A Greek yogurt company with its main U.S. manufacturing plant in Johnstown has relocated its corporate headquarters to Luxembourg from Greece and renamed itself Fage International S.A.
The corporate restructuring will limit Fage’s exposure to Greece’ crumbling economy, give it a better tax environment and allow it to access bank funding, according to Standard and Poor’s, an investor service that publishes financial research and analysis on stocks and bonds. Fage had for years operated under the name of Fage Dairy Industry S.A.

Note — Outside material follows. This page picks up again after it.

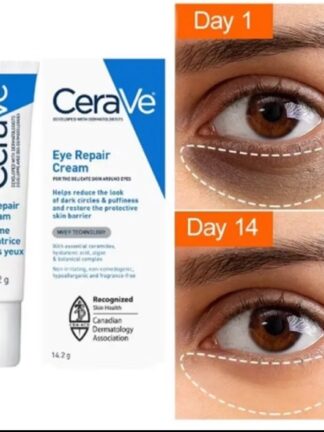 CERAVE Creme Reparador de Olhos Firmador de Rugas Reparador de Reabastecimento de Umidade da Pele Protegendo a Pele Creme Mágico para os Olhos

S&P said it views Fage’s corporate restructuring as positive from a credit standpoint. “We now believe that the risks linked to being a Greek incorporated company — including potential reduced access to capital markets, and legal uncertainties — have been addressed,” the S&P analysis said.

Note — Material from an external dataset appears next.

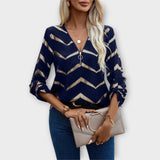 Emma - Blusa elegante y estilizada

Fage is planning to build a $100 million, 180,000-square-foot addition to its main plant in the Johnstown Industrial Park and construct a $15 million whey pretreatment facility near the Gloversville-Johnstown Wastewater Treatment Facility.
Fage has yet to start the projects and has not publicly explained delays. Fage officials were not available for comment. Local officials say they expect the projects to begin soon.
Seeking state funds
Fage used private financing to build the initial 220,000-square-foot facility at the site in 2008 and has not publicly asked for state and local financial assistance for the proposed expansions.
Fage’s expansion projects will require Gloversville and Johnstown to spend approximately $4.5 million to the upgrade the co-owned treatment plant, according to state documents. Local officials are seeking state funding to offset this cost. Fage’s increased production would generate millions of gallons of wastewater that the treatment plant could not handle at present.
Fage’s U.S. plant produces 80,000 tons annually of Greek-style yogurt in a state-of-art facility that employs 240 people in the Johnstown Industrial Park. The expansion would allow it to produce 160,000 tons annually.
The company wants to capitalize on growing U.S. demand for Greek-style yogurt. Fage currently controls more than 5 percent of the market in America, where it is the fourth largest producer of the specialty yogurt. Greek-style yogurt contains more protein, less sugar and is thicker than other yogurt.
S&P said Fage generates 50 percent of its revenues from assets located in Greece and that it generates about 30 percent of its sales there. It said the company’s financial picture could darken should Greece withdraw from the eurozone, which it pegged at a 33 percent possibility.
Based on this analysis, S&P has reaffirmed its negative outlook on the company’s long-term bonds, but has taken Fage off its CreditWatch alert. It placed Fage on CreditWatch in June.
“The negative outlook reflects our view that we could still lower the rating on Fage if Greece leaves the eurozone, which we believe could result in severe and prolonged disruptions of Fage’s activities in Greece, where about 50 percent of its assets are located,” according to S&P. “We thus believe a Greek exit could still lead to severe and prolonged disruptions of Fage’s Greek operations, which could require significant working capital.”